Hi everyone,
I’m encountering an “unspecified launch failure” error when executing the tcgen05.mma.cta_group::2instruction.
My kernel configuration is as follows:
config.gridDim = dim3(2, 1, 1);
config.blockDim = dim3(128, 1, 1);
attr.val.clusterDim = {2, 1, 1};M256,N128,K16
Inside the kernel:
int cta_in_group = blockIdx.x % 2;
int tid = threadIdx.x;
int warp_id = tid / 32;
int lane_id = tid % 32;
TMEM allocation is done as:
if (warp_id == 0) { // single warp issue
asm volatile(
“tcgen05.alloc.cta_group::2.sync.aligned.shared::cta.b32 [%0], %1;”

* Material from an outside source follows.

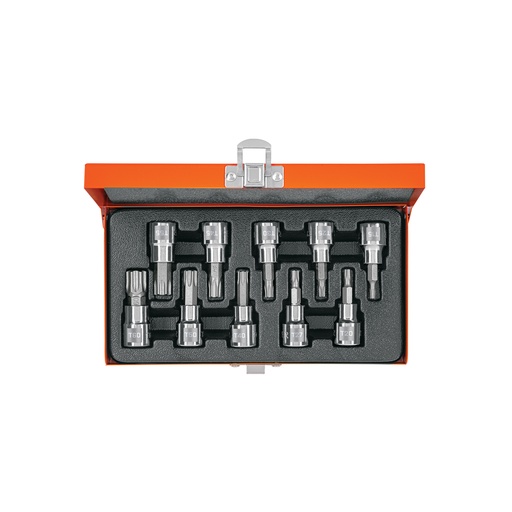 [T13976] Juego de 10 dados cuadro 3/8' punta torx, estuche metálico - Pag 151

:: “r”(tmem_addr), “r”(nCols)
);
}
The MMA instruction is:
if (tid == 0 && cta_in_group == 0) {
uint32_t disable_out_lane[8] = {0, 0, 0, 0, 0, 0, 0, 0};
asm volatile(“tcgen05.mma.cta_group::2.kind::f16 [%0], %1, %2, %3,{%4, %5, %6, %7, %8, %9, %10, %11}, 1, 0; \n\t”
:: “r”(taddr), “l”(mat_a_desc), “l”(mat_b_desc), “r”(uint32_t(idesc >> 32)),
“r”(disable_out_lane[0]), “r”(disable_out_lane[1]), “r”(disable_out_lane[2]), “r”(disable_out_lane[3]),
“r”(disable_out_lane[4]), “r”(disable_out_lane[5]), “r”(disable_out_lane[6]), “r”(disable_out_lane[7])
);
asm volatile(
“tcgen05.commit.cta_group::2.mbarrier::arrive::one.shared::cluster.b64 [%0];”
::“r”(mbar_ptr)
: “memory”
);
}
And the dealloc is :
if (warp_id == 0) { asm volatile ( "tcgen05.dealloc.cta_group::2.sync.aligned.b32 %0, %1;" :: "r"(taddr), "r"(nCols) :"memory"); }
What is even stranger is that while the program can be debugged step-by-step normally using cuda-gdb, running the program directly triggers the aforementioned error.
I’d appreciate any help or suggestions on what might be causing the illegal instruction error. Thanks!